Have you been looking to purchase a new home? This should actually be a very good and fun time to be purchasing a house given that the real estate market is somewhat slow, prices are also low and what’s even more important is that interest rates are low too. Not only can you get a great price on a house, but you can also get a good home mortgage loan with a historically low interest rate. There are likewise rather a great deal of houses to choose from at the moment, making it a purchaser’s real estate market. If you are looking to purchase a brand-new house you ought to do your homework and get a great understanding of the real estate terminology that you will quickly come to see throughout the entire process when dealing in the real estate market.
Here are a few of the home mortgage loan terms that you are most likely to hear while in this process; rate of interest, length or term of loan, closing costs, variable rate loans, fixed rate loans, document taxes, velocity, origination costs, house equity, amortization, conventional financing, FHA loans, VA loans, points, deposit and personal mortgage insurance (PMI).

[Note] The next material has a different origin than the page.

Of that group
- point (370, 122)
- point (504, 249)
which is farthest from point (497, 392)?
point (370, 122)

The rate of interest is among the most important of these terms that you need and should fully comprehend as this is the rate at which the lending institution will charge for giving you the loan and it will be included on your payments. This is usually revealed in terms of a percentage of the loan, so the lower the interest rate, the lower your monthly payments will be. The length of the loan is normally referred to as the term of the loan and this is the entire duration and or time that you need to pay the loan off. Many home loans will be taken out for a minimum of a fifteen year term with most lenders and most borrowers going for the thirty year term.
The closing expenses or closing costs of the loan take into account all the costs that become part of purchasing and offering the house. These costs will include title insurance coverage charges, expense of essential repairs, real estate agents and realtor’s commission charges, file stamp tax, points and many other costs.

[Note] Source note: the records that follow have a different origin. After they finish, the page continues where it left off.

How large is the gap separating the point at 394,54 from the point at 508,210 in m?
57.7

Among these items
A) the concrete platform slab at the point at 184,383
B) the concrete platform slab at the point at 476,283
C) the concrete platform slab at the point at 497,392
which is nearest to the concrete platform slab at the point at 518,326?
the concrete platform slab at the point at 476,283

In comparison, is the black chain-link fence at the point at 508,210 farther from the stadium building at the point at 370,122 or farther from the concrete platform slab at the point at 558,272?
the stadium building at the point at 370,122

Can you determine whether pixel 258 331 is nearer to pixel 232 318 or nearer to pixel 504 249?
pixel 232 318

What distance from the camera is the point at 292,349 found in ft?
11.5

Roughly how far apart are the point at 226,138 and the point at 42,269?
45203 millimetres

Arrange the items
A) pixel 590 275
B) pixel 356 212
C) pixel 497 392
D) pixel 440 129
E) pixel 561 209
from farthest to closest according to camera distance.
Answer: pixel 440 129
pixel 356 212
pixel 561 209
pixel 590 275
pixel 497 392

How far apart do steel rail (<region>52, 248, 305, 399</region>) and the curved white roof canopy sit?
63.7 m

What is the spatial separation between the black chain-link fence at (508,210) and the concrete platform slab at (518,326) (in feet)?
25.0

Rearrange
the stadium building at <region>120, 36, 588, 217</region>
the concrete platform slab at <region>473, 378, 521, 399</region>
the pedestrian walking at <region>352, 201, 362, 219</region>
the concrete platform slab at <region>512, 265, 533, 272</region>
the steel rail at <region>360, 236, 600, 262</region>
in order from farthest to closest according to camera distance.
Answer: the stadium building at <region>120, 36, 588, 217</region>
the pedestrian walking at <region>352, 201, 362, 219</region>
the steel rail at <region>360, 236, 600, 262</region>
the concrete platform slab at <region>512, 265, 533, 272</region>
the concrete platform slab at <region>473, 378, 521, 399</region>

We have what’s called fixed rate loans and variable rate loans and these are the two most commonly known choices that you usually pick from. A variable rate loan indicates that the rates of interest can increase or decrease according to the current interest rates and how the economy is. If the rate of interest falls, then this is a big benefit for you, the customer, as your payments will be lower. But if the interest rates increase, this can create great problems as your payments can increase out of control. A fixed rate loan is when the rates of interest stay the same for the entire and the specified term, normally five to ten years on ARM loans and even 15 to 30 years for regular home loans. With a fixed rate loan the rates of interest, and therefore your payments, will stay exactly the same for the entire term of the loan.
The term ‘points’ refers to loan discount rate points and these are the fees that are charged to the purchaser from the home loan provider. These are often referred to as pre-paid interest and can contribute to the closing expense amount. A point is equal to one percent of the overall loan amount. If you are borrowing $500,000 and are charged one point by the lender then you would have to pay $5,000 for pre-paid interest at the time of closing.
Personal Mortgage Insurance, or PMI, is an insurance that enables the buyer to make a smaller down payment, usually less than 20 percent on the home that they are purchasing. When you buy the home, the loan amount of your home mortgage will be the cost of the home minus your down payment.
The length of the loan is usually referred to as the term of the loan and this is the entire period that you have, usually stated in years, to pay the home loan off. The fixed rate loans and variable rate loans and pretty much the two basic alternatives that are typically offered when purchasing a home. Fixed rate loans are best if you want to know exactly what the loan payment will be throughout the entire term of your home loan.